或许是想重振家族荣耀,或许是贵族门风力挽狂澜,或许是祖祖辈辈从不退缩,陆机丝毫不考虑回家选项。

他从晋军的俘虏大营,一步步走向晋朝的高级职位。这里汇聚着精英和机会,自然也有对应的代价和风险。

机负其才望,而志匡世难,故不从。

《豪士赋》曰:

时启于天,理尽于人,庸夫可以济圣贤之功,斗筲可以定烈士之业。

故曰“才不半古,功已倍之”,盖得之于时世也。

是以事穷运尽,必有颠仆,风起尘合,而祸至常酷也。

圣人忌功名之过己,恶宠禄之逾量,盖为此也。

故聊为赋焉,庶使百世少有悟云。

《五等论》曰:

五等之制,始于黄唐,郡县之治,创于秦汉,得失成败,备在典谟。

借使秦人因循其制,虽则无道,有与共亡,覆灭之祸,岂在曩日!

卒有强臣专朝,则天下风靡,一夫从衡,而城池自夷,岂不危哉!

岂若二汉阶闼暂扰,而四海已沸,嬖臣朝入,九服夕乱哉!

然则八代之制,几可以一理贯;秦汉之典,殆可以一言蔽也。

陆机在纸上激昂慷慨,司马王爷扛着枪当街互殴。辅国大臣的宝座金光闪闪,先打趴竞争对手再来讲道理。

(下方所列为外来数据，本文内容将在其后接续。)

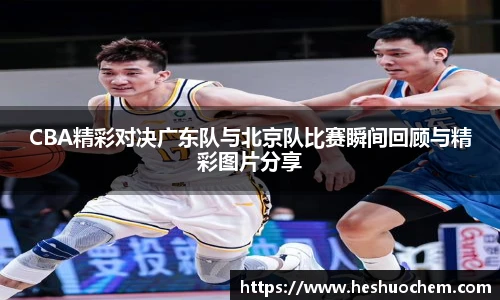 中欧体育官网
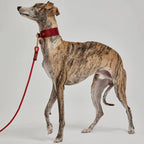 Collier Personnalisable pour Chien en Cuir Premium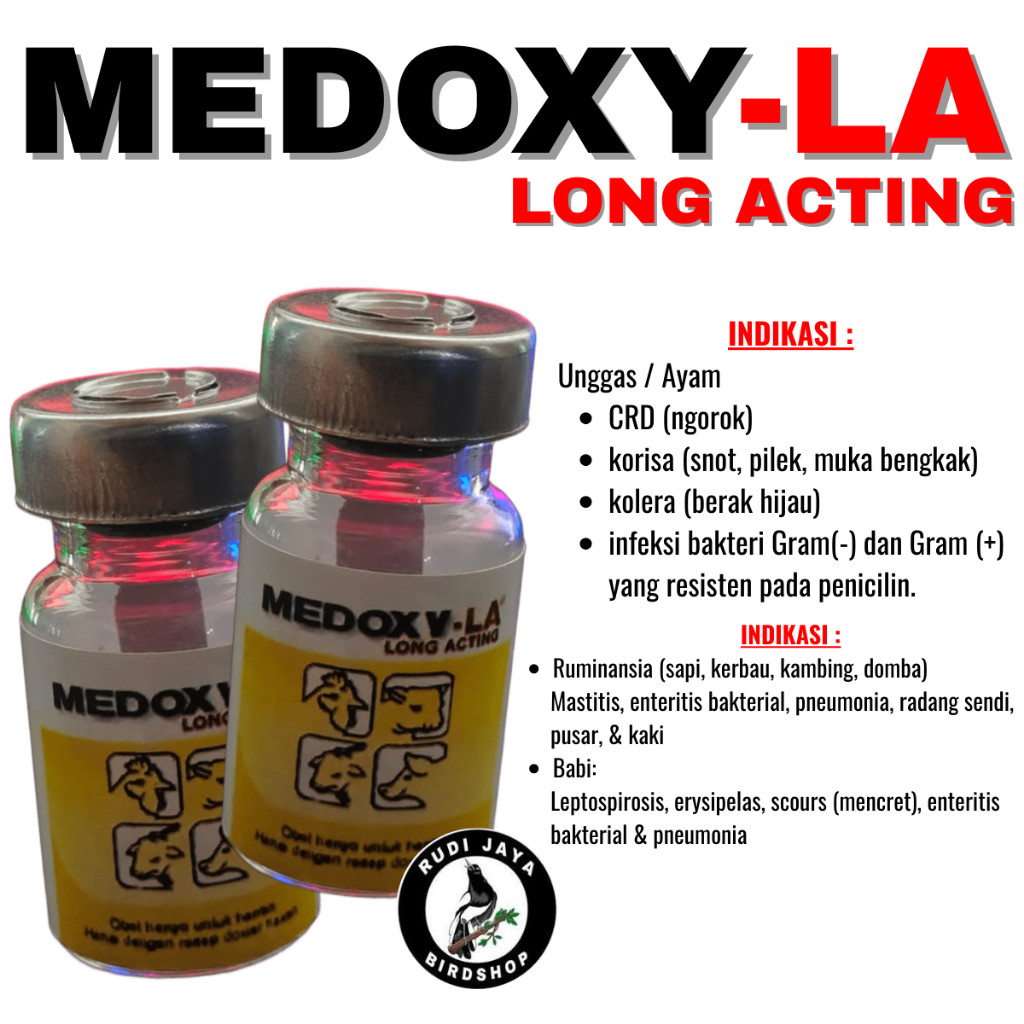 MEDOXY-LA 5ML INJEKSI MEDOXY LA MEDION ANTIBIOTIK OBAT AYAM KUCING KELINCI SAPI KAMBING BABI KUDA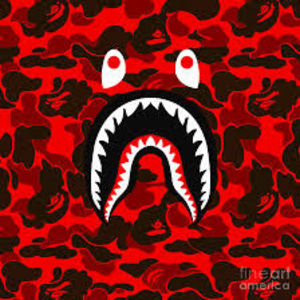 Meet your Posher, Aditya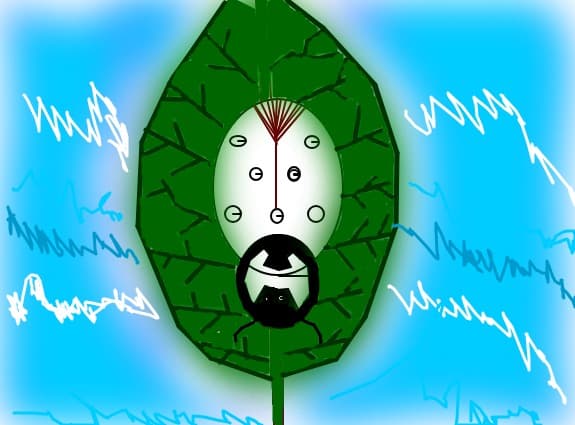 buburuza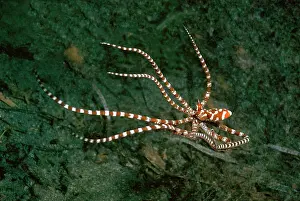 Ability: Mimic Octopus, 'WonderpusI - Found in sandy areas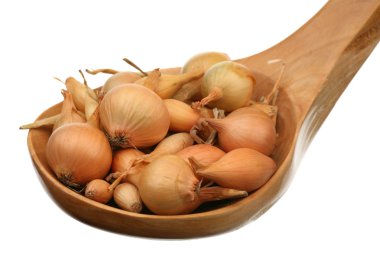 Hill of small onions clipart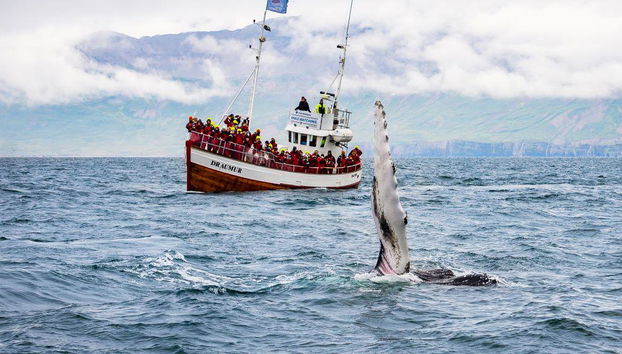 Avvistamento Classico di Balene da Dalvík - Foto 3
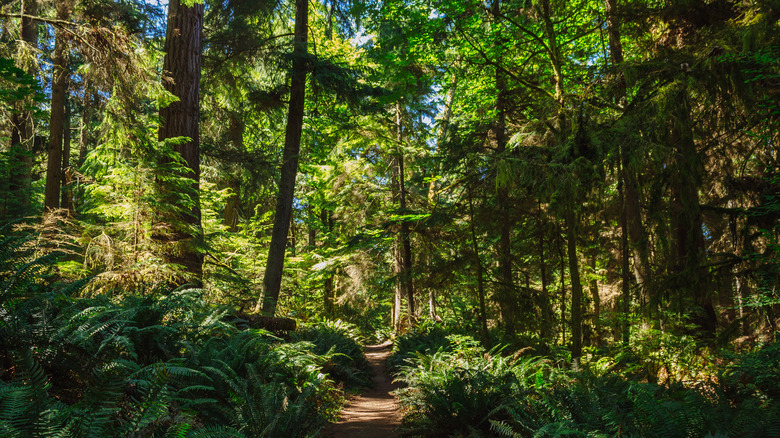 Point Defiance Park on sunny day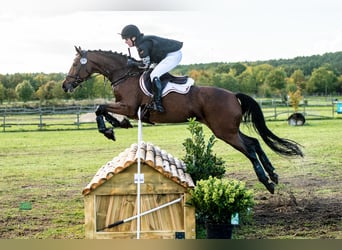 Deutsches Sportpferd, Stute, 11 Jahre, 163 cm, Brauner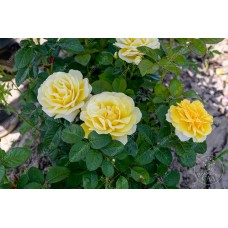 Роза Артур белл (флор. желтый) ВС
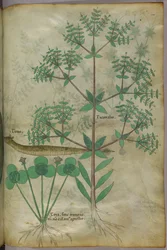 Botanical illustration of plants with an animal, c.1440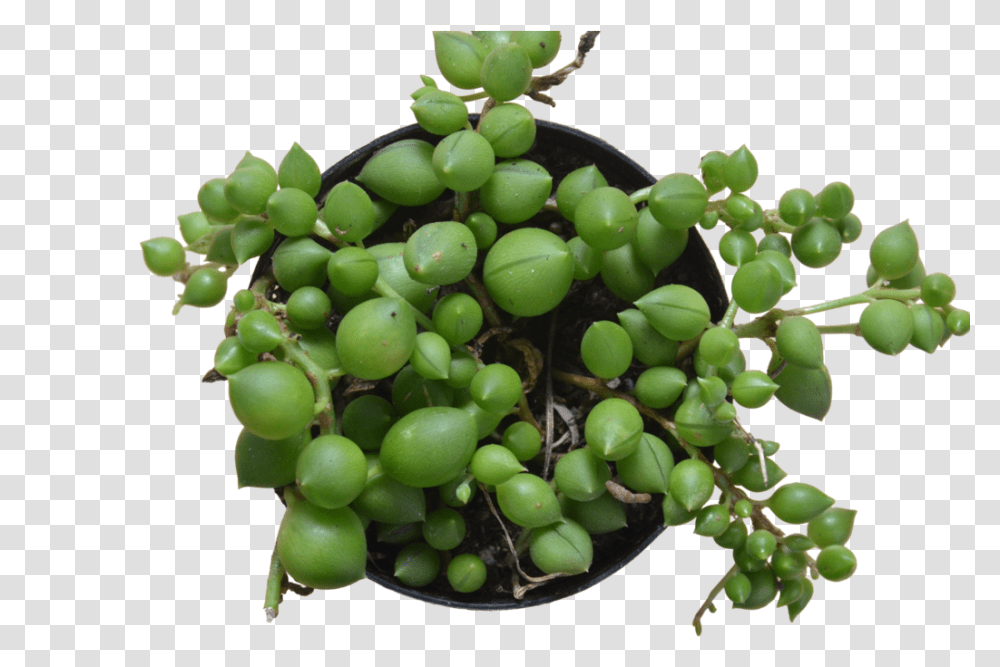 Succulent String Of Pearls Seedless Fruit, Plant, Grapes, Food Transparent Png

司马冏干掉了司马伦,司马乂又带兵诛杀司马冏。爷爷打孙子、侄儿灭叔父,晋朝皇室亲族简直斯文扫地。

司马颖表现得很低调,开仓放粮救济战乱中的百姓,修建墓园安葬战死的士卒,宛如烂泥里绽放的白莲花。

推功不居还劳谦下士,陆机对司马颖生出无限好感,想起此前还有救命之恩,便义无反顾的跑来申请加入。

颖以机参大将军军事,表为平原内史。

司马颖升级美颜功能,身在河北却远程执掌朝政,看到六哥司马乂大权独揽,便想杀进洛阳教他重新做人。

司马颖联络其他王爷,总共征集到二十多万兵马。千军易得然而一将难求,让谁做联军统帅是个重大问题。

陆机,你家是不是三代为将?

303年,陆机被任命为大都督。

陆机内心是拒绝的,他只上过一次战场还惨遭俘虏,相比于祖辈的横刀立马,更擅长做个指点江山的文士。

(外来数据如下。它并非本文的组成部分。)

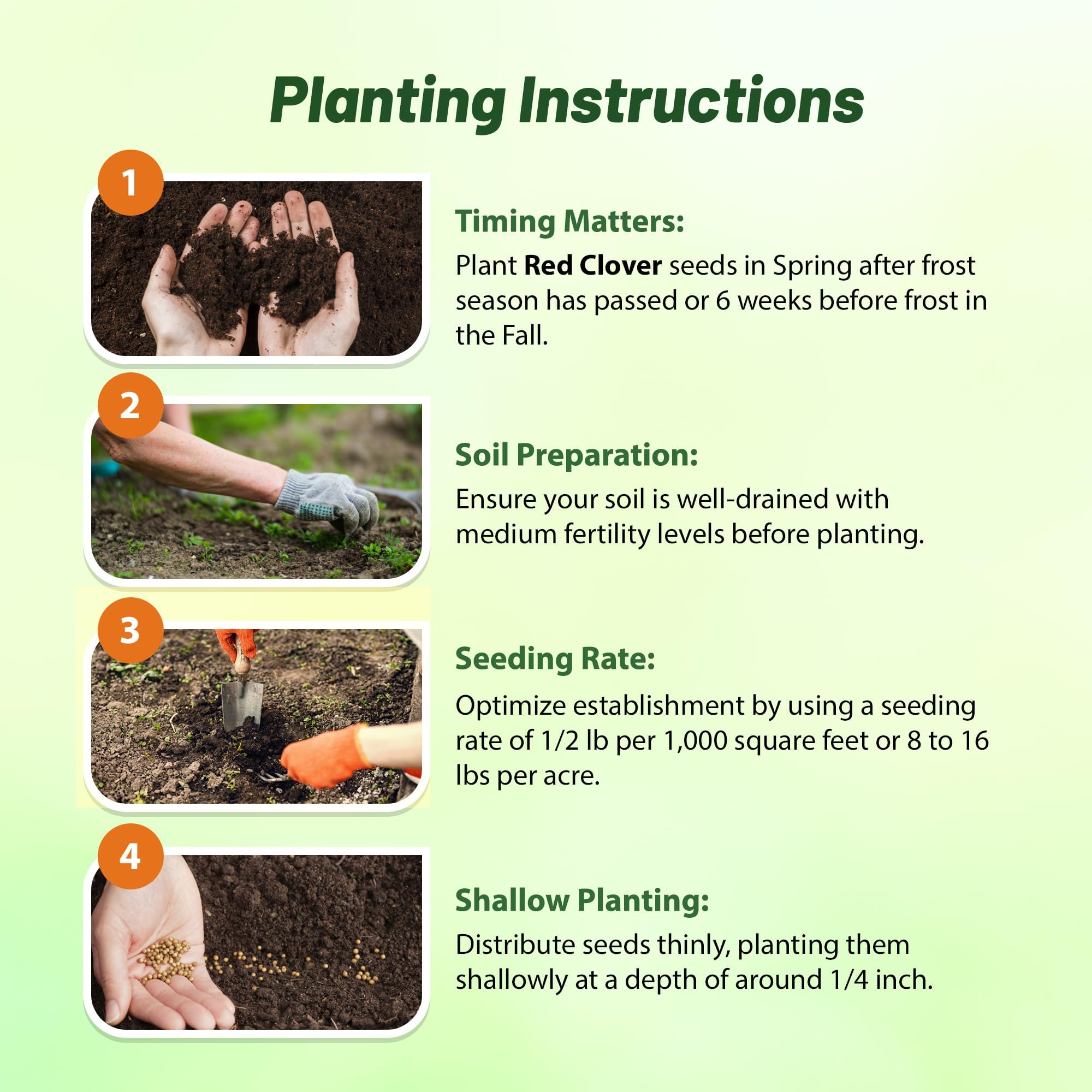 Sowing instructions for Outsidepride red clover seeds
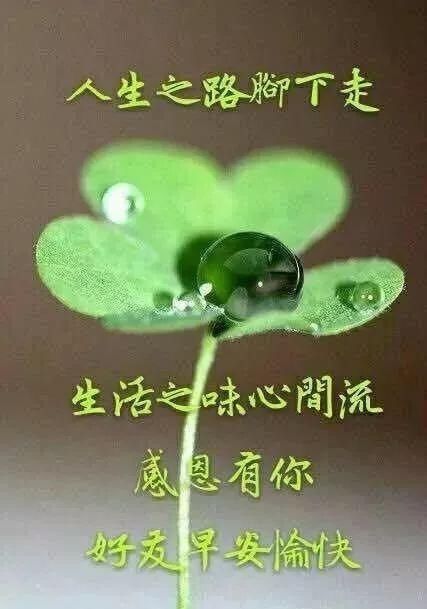  『时光』早安吉祥：时光很宝贵，愿你有诗、有梦、也有远方，早上好！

北方将领是排斥的,他们认为领导的安排极不合理,自己常年在战场上厮杀,怎么还不如刚刚入职的南人。

固辞都督,颖不许。

大风起兮云飞扬,一面面战旗迎着狂风猎猎作响。司马颖站在台上激昂慷慨,后排士卒完全听不见他说啥。

望着遮天蔽日的队伍,陆机心里却没有半点波澜,接过司马颖递来的壮行酒,说出一句让领导很丧气的话。

司马颖:若功成事定,当爵为郡公,位以台司,将军勉之矣!

陆机:昔齐桓任夷吾以建九合之功,燕惠疑乐毅以失垂成之业,今日之事,在公不在机也。

信任还是怀疑,是考验人心的最高标准。

陆机刚走,卢志趴在领导耳边说道:陆机自比管、乐,拟君暗主,自古命将遣师,未有臣陵其君而可以济事者也。

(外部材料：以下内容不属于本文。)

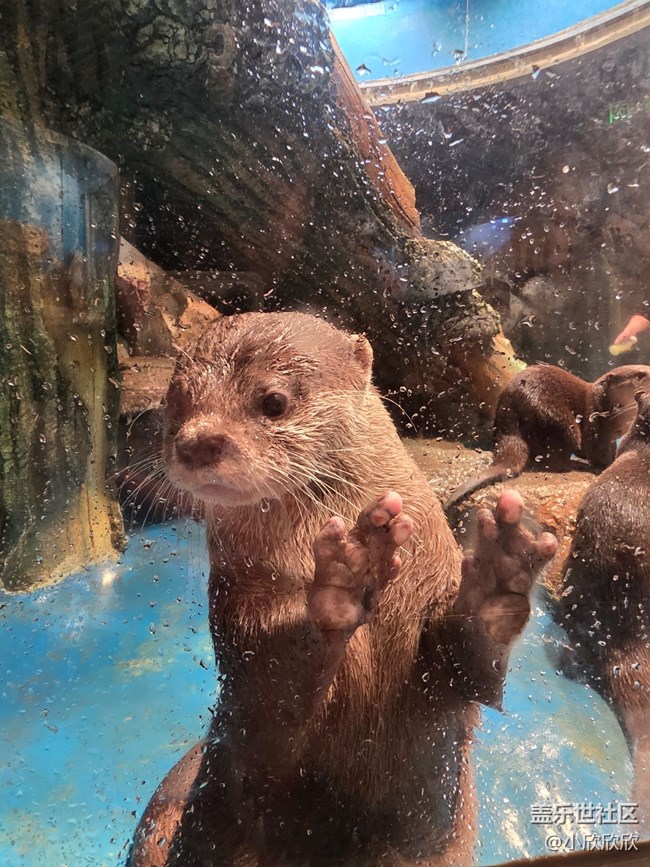 海洋王國線下攝影活動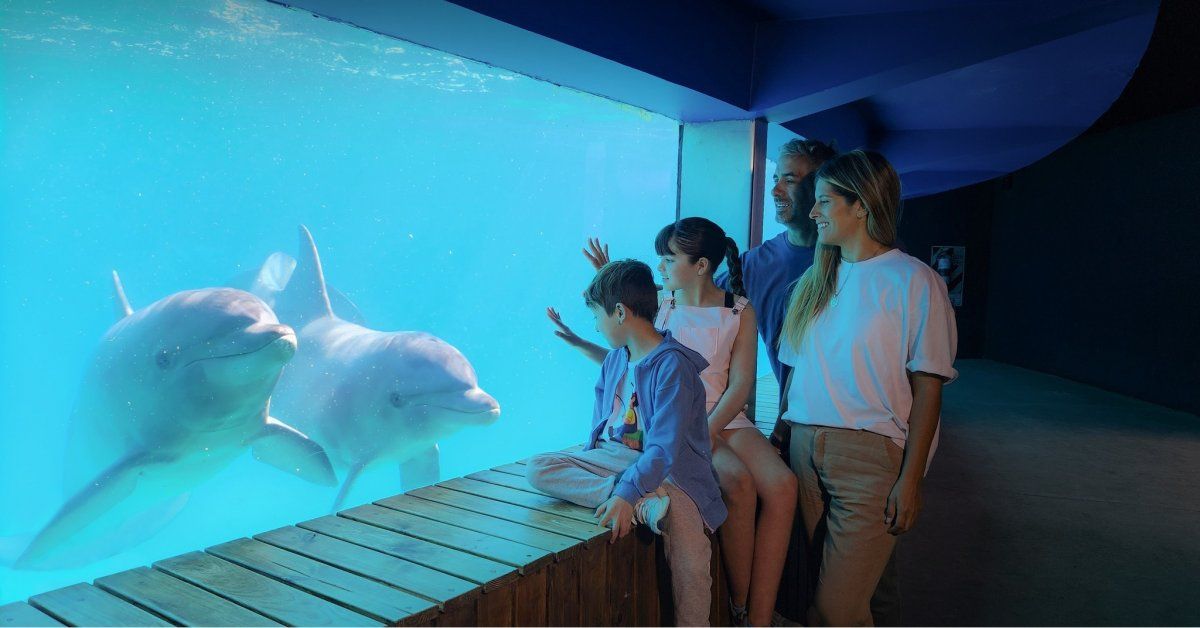 San Clemente del Tuyú y Mundo Marino son uno de los destinos más elegidos por las familias para hacer escapadas por Buenos Aires.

司马颖半天默然不语,卢志的心里悄然乐开了花,除了趁机打击竞争对手,他还在为当年的芥蒂耿耿于怀。

没错,我爷爷叫卢毓、我老子叫卢廷!

陆机的战场,还是无休无止的内斗。

孟玖是司马颖的宠臣,弟弟孟超带着一万人马监军,还没到前线就纵兵抢劫,欺负对象当然是沿途老百姓。

陆机抓捕带头抢掠的士卒,孟超直接带人抢回自己的部下,临走前还当众嘲讽道:貉奴能作督不!

行军司马气得浑身哆嗦,劝陆机斩杀孟超以振军威。

陆机没有处理孟超,孟超却仗着家族权势愈发嚣张,给哥哥写信说都督畏战不前,还大肆造谣:陆机将反。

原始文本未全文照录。